-- EXERCISE --
Starting at the line with "横断歩道の手前に2色の塗装「" and going on through the line with "Hostel Estrella 20 Madrid Eksteriør bilde", reproduce each line in the records below exactly and nothing more.

(DATASET CONTENT)

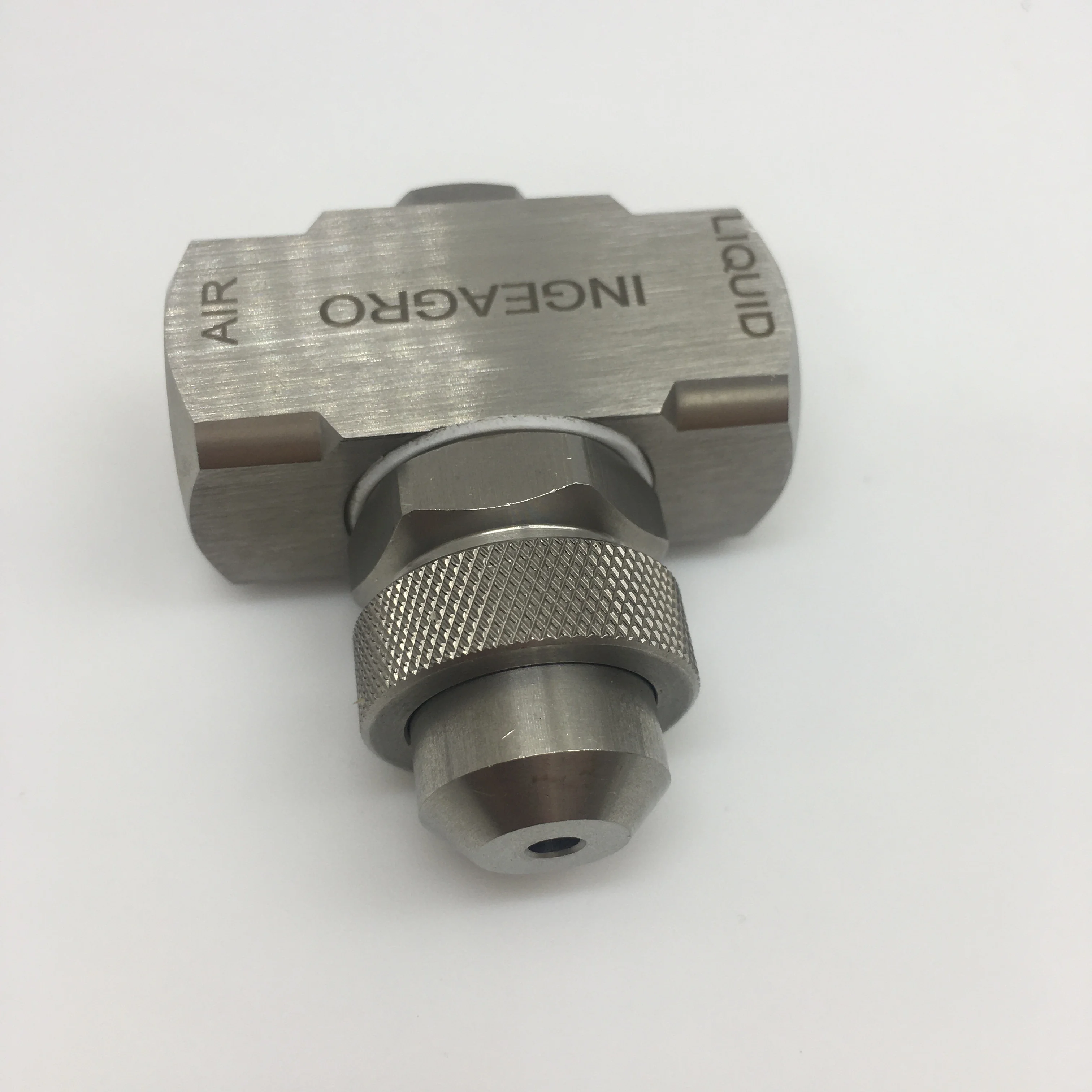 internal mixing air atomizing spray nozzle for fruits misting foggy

(End DATASET CONTENT)
(DATASET CONTENT)

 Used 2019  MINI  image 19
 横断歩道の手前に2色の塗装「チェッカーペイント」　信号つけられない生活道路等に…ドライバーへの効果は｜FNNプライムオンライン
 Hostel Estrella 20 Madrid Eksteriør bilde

(End DATASET CONTENT)

-- SOLUTION --
 横断歩道の手前に2色の塗装「チェッカーペイント」　信号つけられない生活道路等に…ドライバーへの効果は｜FNNプライムオンライン
 Hostel Estrella 20 Madrid Eksteriør bilde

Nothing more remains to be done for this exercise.